Natural gas reserves plan recommended
Updated: 2011-04-13 10:05
By Zhou Yan (China Daily)
China should build stockpiles to head off energy-supply concerns
BEIJING - China should consider establishing strategic reserves of natural gas, because of the nation's growing appetite for the fuel and a burgeoning dependence on imports, industry experts said.
"China's import-dependency ratio for natural gas is about 8 percent at present, and imports will grow rapidly year by year when more source gas materializes and more import projects are in the pipeline," said Zhou Zhibin, deputy general manager of PetroChina Southwest Oil & Gas Field Company on Tuesday.
Zhou urged that China should establish national strategic inventories to ensure energy safety. He added that emergency natural gas reserves are also required.
The country's natural gas market is projected to hit 260 billion cu m a year by 2015, accounting for about 8 percent of the nation's total energy consumption, according to Thomas King, president of BP (China) Holdings Ltd in Shanghai.
The country's apparent consumption - consisting of domestic output and imports, but excluding exports - of natural gas was around 106 billion cu m last year, signaling growth of almost 20 percent from 2009.
The surge in demand for the fuel has further outpaced supply, despite the recent expansion of the country's gas infrastructure.
"Southwestern China, for instance, saw its gas-supply gap widen from 200 million cu m in 2003 to 3.5 billion cu m in 2010. Some cities in the region even have a supply gap as wide as 40 percent," said Zhou.
State-owned oil firms in China, the world's second-biggest energy consumer after the United States, have accelerated their acquisitions of overseas gas assets during the past year. Late in 2010, China National Offshore Oil Corp Ltd (CNOOC) signed a $2.16 billion deal to purchase a 33.3 percent interest in Chesapeake Energy Corp's Eagle Ford Shale Project in the United States.
In addition, China has also increased the number of natural gas networks and liquefied natural gas (LNG) terminals across the country to facilitate supply.
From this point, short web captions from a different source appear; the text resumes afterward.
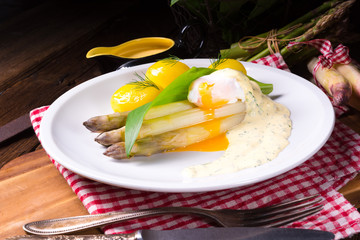 asparagus with poached egg sauce and wild garlic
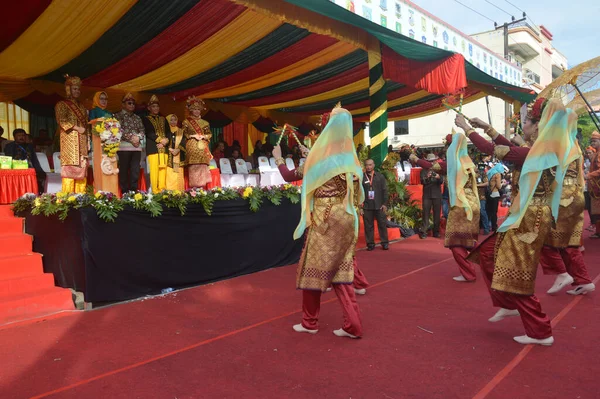 Tarakan Indonésia Julho 2018 Atrações Dança Tradicionais Indonésias Por Belos — Fotografia de Stock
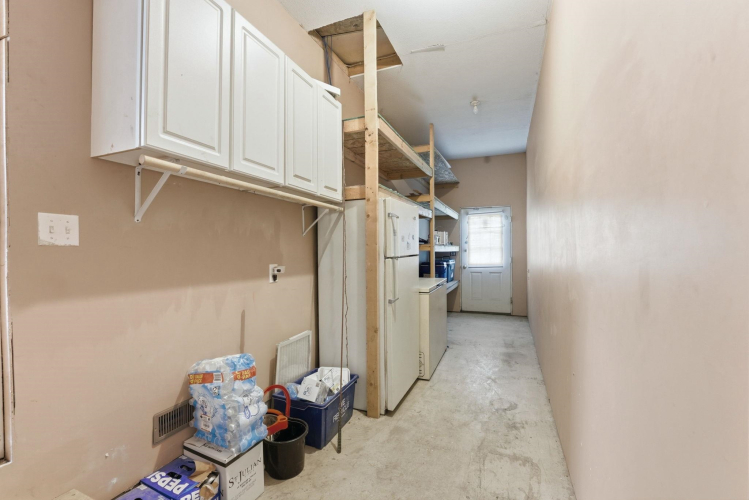 Listing Image 26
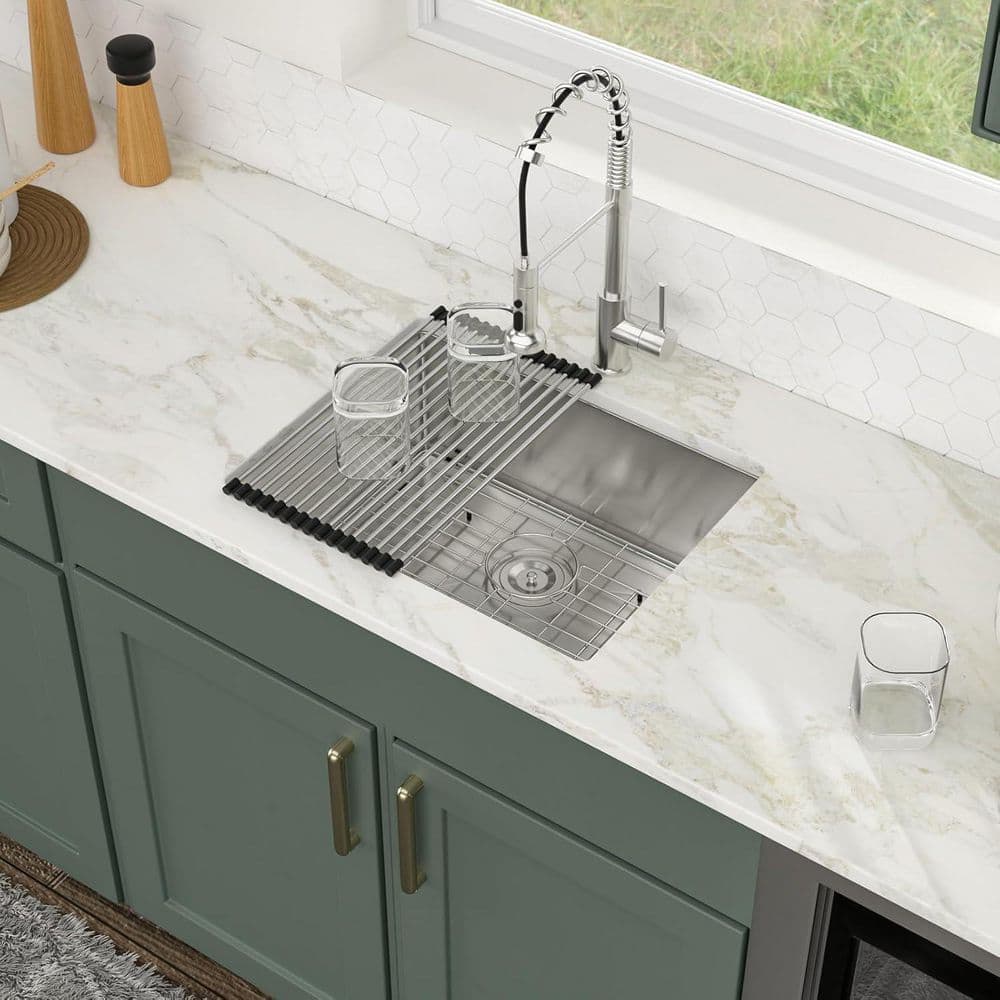 23 in. Undermount Kitchen Sink Single Bowl 16-Guage Stainless Steel Sink with Bottom Grid - Hercitys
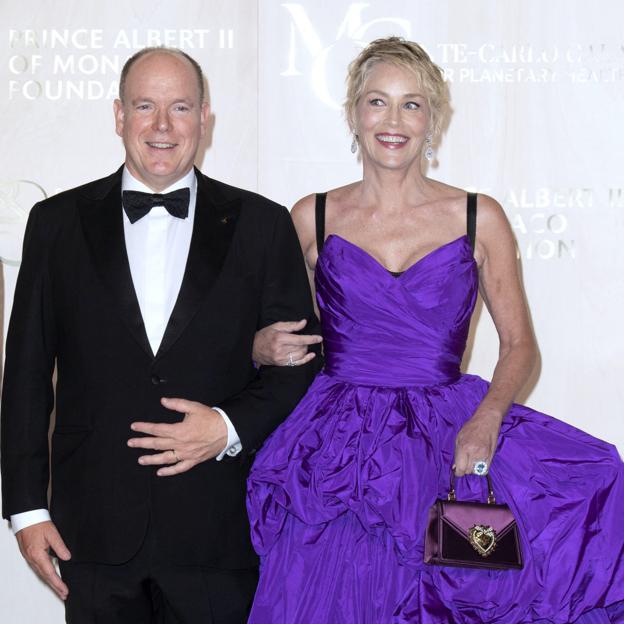 El príncipe Alberto II de Mónaco muy sonriente y del brazo de Sharon Stone en Montecarlo mientras Charlène se lamenta en África por los rumores de divorcio inminentes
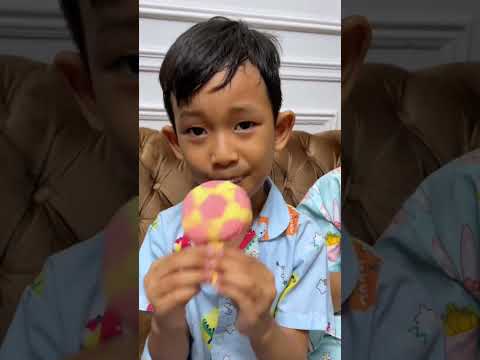 MAKAN ES KRIM KARAKTER UNIK #shorts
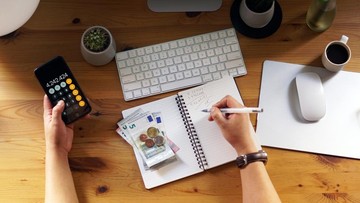 4 Kesalahan Mengatur Finansial Yang Bikin Uang Semakin Cepat Habis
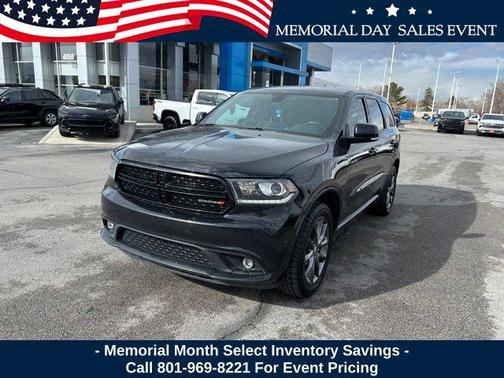 DB Black Crystal Clearcoat 2017 Dodge Durango GT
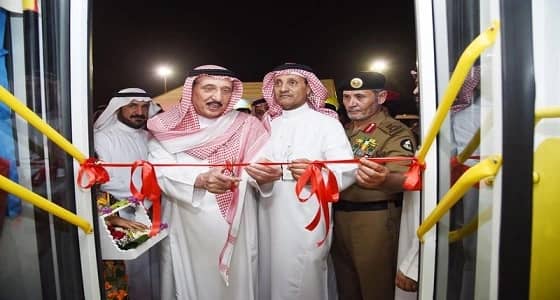 أمير جازان يعطي شارة البدء لانطلاق أولى رحلات الباص السياحي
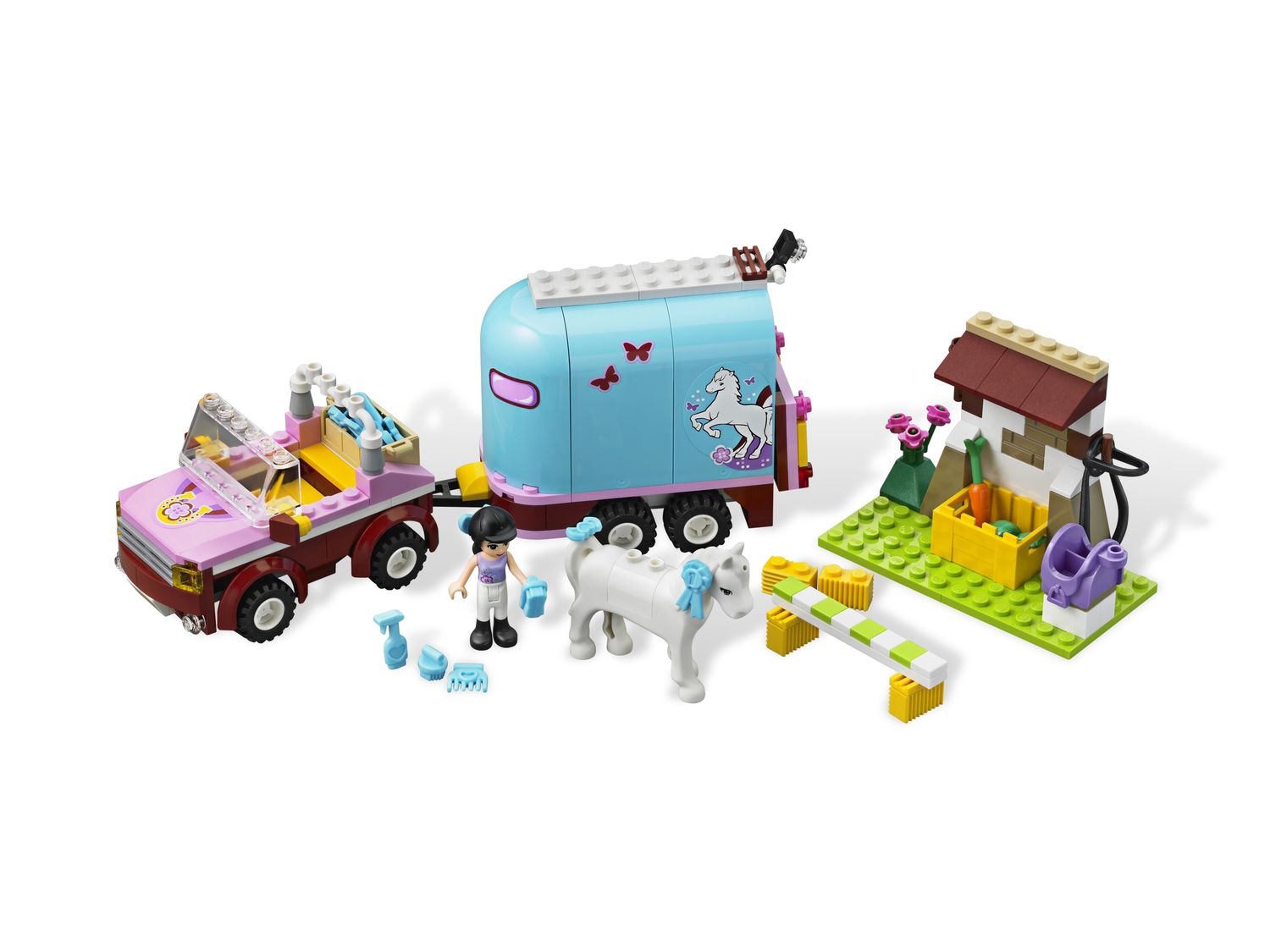 Geländewagen mit Pferdeanhänger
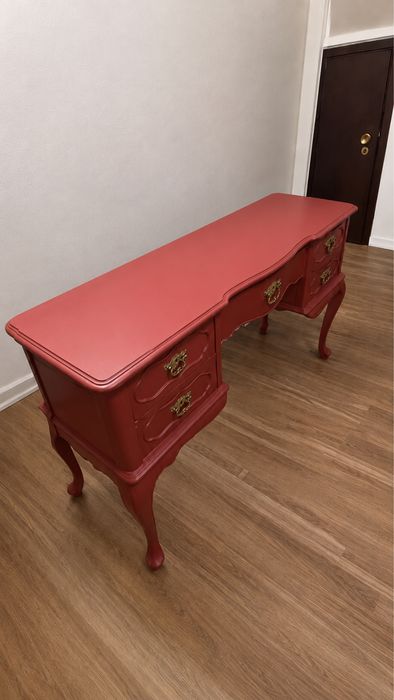 Móvel de TV / consola restaurada, estilo Luís XV / provençal, pintado em tom vermelho bordeaux.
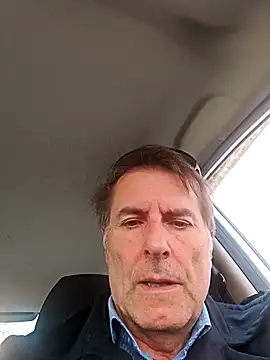 Snapshot of sayeaprayer65 chatting on 10.18.25 sayeaprayer65 online show from 10.18.25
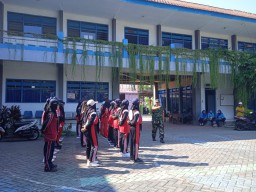 Batituud Ramil 0816/07 Berikan Materi Wasbang Pada MPLS dan PBB SMK Budhi Dharma Krembung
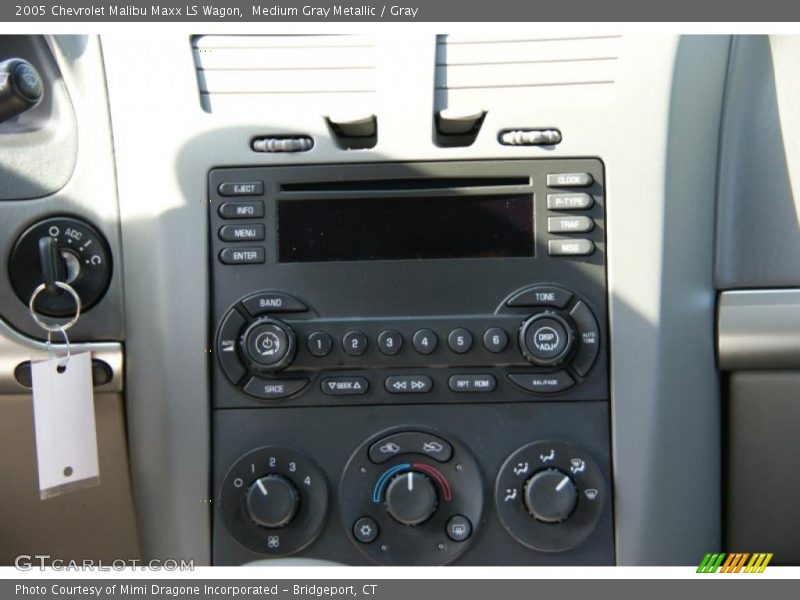 Controls of 2005 Malibu Maxx LS Wagon
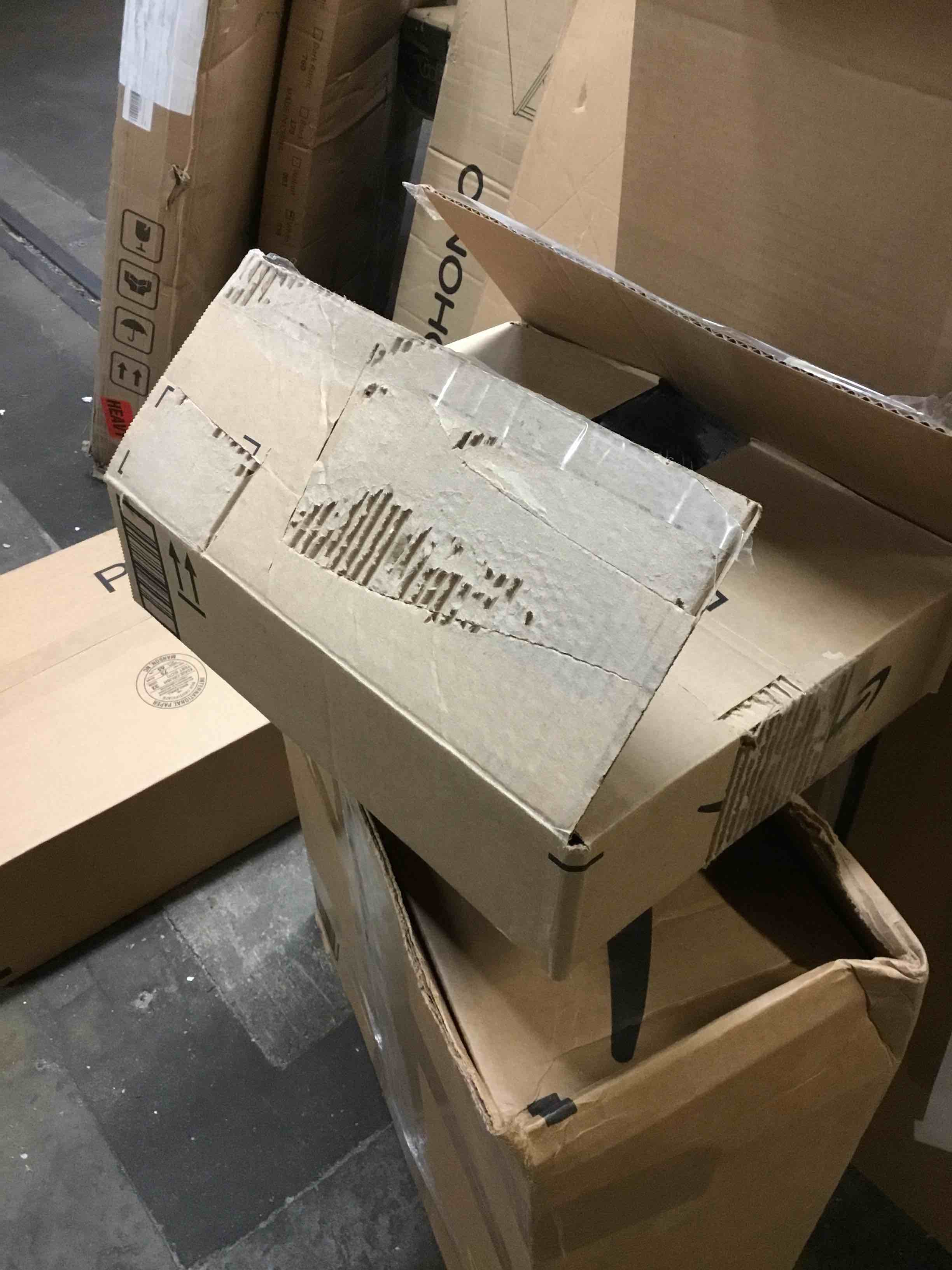 https://s3.amazonaws.com/lotting-images-prod/bidfta/YEL2202660_1653400512385.jpeg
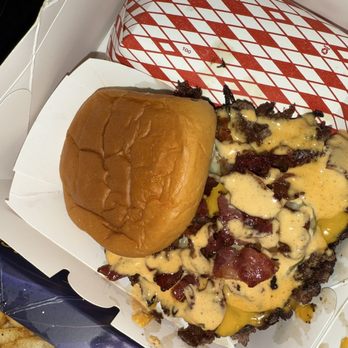 Burger 3000 - Double Oklahoma Wagyu - Burgers Near Me - Chatsworth, California Burger 3000 - Double Oklahoma Wagyu - Burgers Near Me - Chatsworth, California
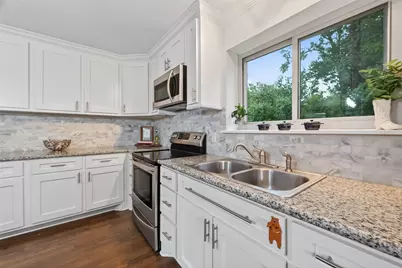 1353 Chardonnay Drive, Houston, TX 77077 - Photo 10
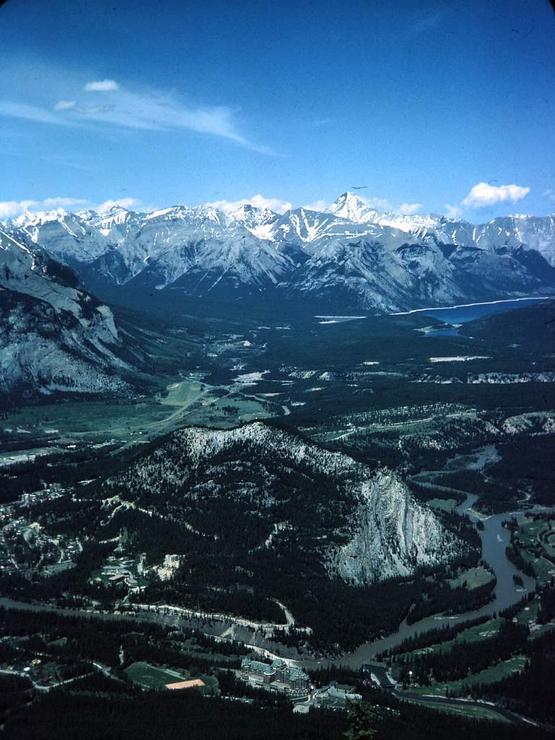 92 CIPS Banff 1966 Photo #3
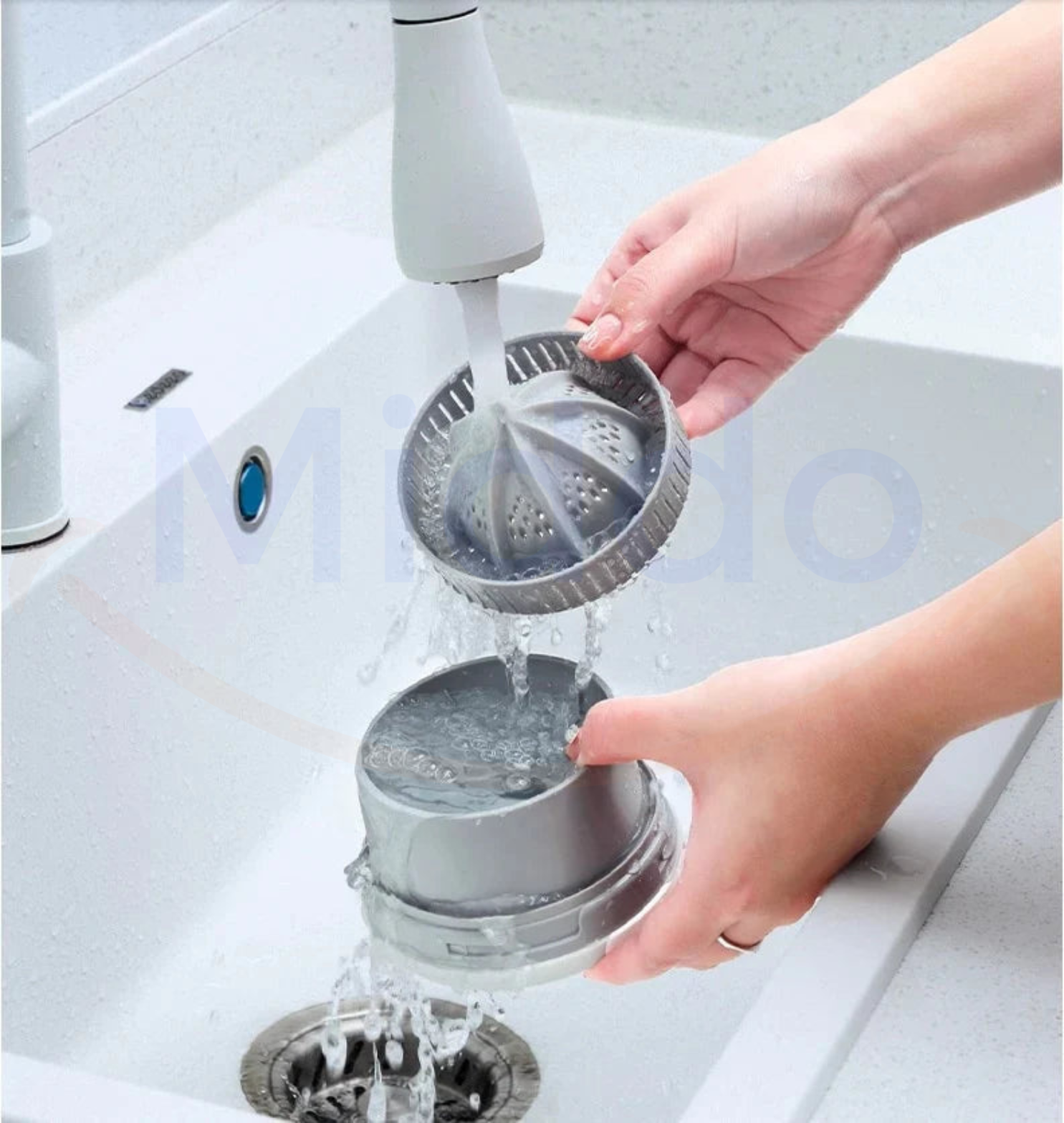 Compact Juice Extractor – Freshness and Flavor at Your Fingertips 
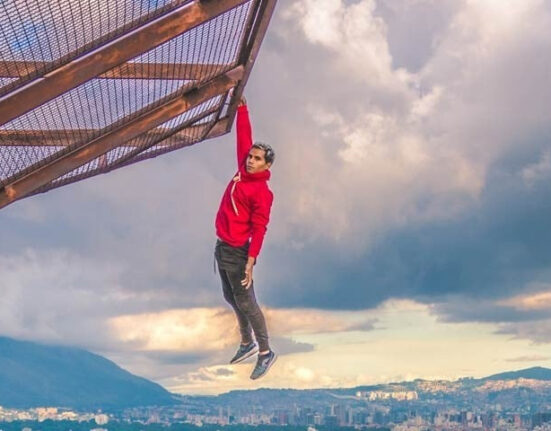 حفاظتی اقدامات کے بغیر، خطرناک کرتب دکھانے والا کھلاڑی تنقید کی زد میں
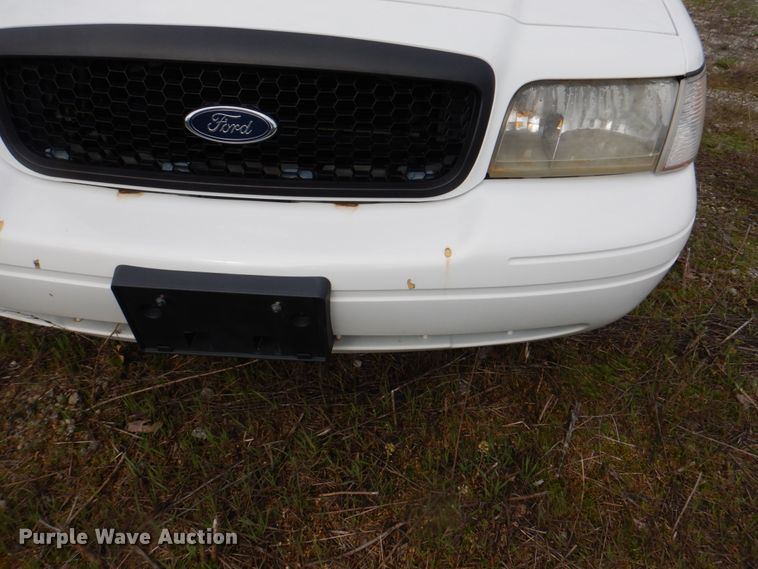 image for item II9941 2010 Ford Crown Victoria Police Interceptor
China had built 34,000 kilometers (km) of long-distance gas pipelines by the end of 2010. An additional 17 pipelines with a combined length of 24,000 km will be established between 2011 and 2015, BP's King said.
CNOOC currently has three LNG projects on stream, including one in Shanghai, while six more, situated in the provinces of Guangdong and Zhejiang and the city of Shenzhen, are under construction or at the planning stage, said Xing Yun, chief geologist at the technology and research center of the CNOOC Gas and Power Group.
According to CNOOC, the country's biggest offshore oil and gas producer by output, the new projects will have a total designed capacity of 290 million tons a year by the end of 2020.
The company received 9.4 million tons of LNG through its three established LNG terminals in 2010.